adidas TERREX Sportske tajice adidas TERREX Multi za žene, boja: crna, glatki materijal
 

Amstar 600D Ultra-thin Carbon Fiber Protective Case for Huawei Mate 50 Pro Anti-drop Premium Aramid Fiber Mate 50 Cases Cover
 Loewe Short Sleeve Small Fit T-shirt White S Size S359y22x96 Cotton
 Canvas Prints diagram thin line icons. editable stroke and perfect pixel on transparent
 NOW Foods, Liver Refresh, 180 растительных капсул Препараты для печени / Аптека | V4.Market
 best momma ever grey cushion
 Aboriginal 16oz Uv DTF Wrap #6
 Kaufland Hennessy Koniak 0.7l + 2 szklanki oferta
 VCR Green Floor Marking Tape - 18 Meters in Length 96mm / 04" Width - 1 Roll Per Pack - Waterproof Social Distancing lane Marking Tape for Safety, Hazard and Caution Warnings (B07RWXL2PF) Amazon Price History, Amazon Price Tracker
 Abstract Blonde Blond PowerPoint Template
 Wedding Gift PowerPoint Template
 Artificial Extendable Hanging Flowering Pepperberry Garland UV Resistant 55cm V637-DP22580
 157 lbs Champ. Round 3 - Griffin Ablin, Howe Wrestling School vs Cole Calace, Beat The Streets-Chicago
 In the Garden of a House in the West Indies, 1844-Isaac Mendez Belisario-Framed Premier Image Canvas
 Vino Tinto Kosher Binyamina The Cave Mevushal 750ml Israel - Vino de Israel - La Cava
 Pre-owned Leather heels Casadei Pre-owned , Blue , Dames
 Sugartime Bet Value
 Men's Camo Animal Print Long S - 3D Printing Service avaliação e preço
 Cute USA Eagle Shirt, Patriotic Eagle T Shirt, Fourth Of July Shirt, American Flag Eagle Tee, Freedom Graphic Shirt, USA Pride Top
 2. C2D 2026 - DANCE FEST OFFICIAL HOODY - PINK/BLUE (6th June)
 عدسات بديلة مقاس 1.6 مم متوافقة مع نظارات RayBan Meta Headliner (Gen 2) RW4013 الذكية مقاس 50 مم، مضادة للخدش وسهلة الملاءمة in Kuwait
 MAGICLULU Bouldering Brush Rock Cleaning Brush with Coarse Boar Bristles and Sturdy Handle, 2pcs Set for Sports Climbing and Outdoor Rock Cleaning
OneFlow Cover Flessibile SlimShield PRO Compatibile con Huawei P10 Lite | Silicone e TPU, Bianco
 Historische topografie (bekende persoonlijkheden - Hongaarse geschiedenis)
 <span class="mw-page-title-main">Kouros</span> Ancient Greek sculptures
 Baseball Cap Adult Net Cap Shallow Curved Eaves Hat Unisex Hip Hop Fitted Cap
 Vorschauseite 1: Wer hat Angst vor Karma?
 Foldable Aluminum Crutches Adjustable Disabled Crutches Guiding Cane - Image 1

==========

• _Goal of the exercise_: Repeat all the material above, matching every character.

• _Completed exercise_:
adidas TERREX Sportske tajice adidas TERREX Multi za žene, boja: crna, glatki materijal
 

Amstar 600D Ultra-thin Carbon Fiber Protective Case for Huawei Mate 50 Pro Anti-drop Premium Aramid Fiber Mate 50 Cases Cover
 Loewe Short Sleeve Small Fit T-shirt White S Size S359y22x96 Cotton
 Canvas Prints diagram thin line icons. editable stroke and perfect pixel on transparent
 NOW Foods, Liver Refresh, 180 растительных капсул Препараты для печени / Аптека | V4.Market
 best momma ever grey cushion
 Aboriginal 16oz Uv DTF Wrap #6
 Kaufland Hennessy Koniak 0.7l + 2 szklanki oferta
 VCR Green Floor Marking Tape - 18 Meters in Length 96mm / 04" Width - 1 Roll Per Pack - Waterproof Social Distancing lane Marking Tape for Safety, Hazard and Caution Warnings (B07RWXL2PF) Amazon Price History, Amazon Price Tracker
 Abstract Blonde Blond PowerPoint Template
 Wedding Gift PowerPoint Template
 Artificial Extendable Hanging Flowering Pepperberry Garland UV Resistant 55cm V637-DP22580
 157 lbs Champ. Round 3 - Griffin Ablin, Howe Wrestling School vs Cole Calace, Beat The Streets-Chicago
 In the Garden of a House in the West Indies, 1844-Isaac Mendez Belisario-Framed Premier Image Canvas
 Vino Tinto Kosher Binyamina The Cave Mevushal 750ml Israel - Vino de Israel - La Cava
 Pre-owned Leather heels Casadei Pre-owned , Blue , Dames
 Sugartime Bet Value
 Men's Camo Animal Print Long S - 3D Printing Service avaliação e preço
 Cute USA Eagle Shirt, Patriotic Eagle T Shirt, Fourth Of July Shirt, American Flag Eagle Tee, Freedom Graphic Shirt, USA Pride Top
 2. C2D 2026 - DANCE FEST OFFICIAL HOODY - PINK/BLUE (6th June)
 عدسات بديلة مقاس 1.6 مم متوافقة مع نظارات RayBan Meta Headliner (Gen 2) RW4013 الذكية مقاس 50 مم، مضادة للخدش وسهلة الملاءمة in Kuwait
 MAGICLULU Bouldering Brush Rock Cleaning Brush with Coarse Boar Bristles and Sturdy Handle, 2pcs Set for Sports Climbing and Outdoor Rock Cleaning
OneFlow Cover Flessibile SlimShield PRO Compatibile con Huawei P10 Lite | Silicone e TPU, Bianco
 Historische topografie (bekende persoonlijkheden - Hongaarse geschiedenis)
 <span class="mw-page-title-main">Kouros</span> Ancient Greek sculptures
 Baseball Cap Adult Net Cap Shallow Curved Eaves Hat Unisex Hip Hop Fitted Cap
 Vorschauseite 1: Wer hat Angst vor Karma?
 Foldable Aluminum Crutches Adjustable Disabled Crutches Guiding Cane - Image 1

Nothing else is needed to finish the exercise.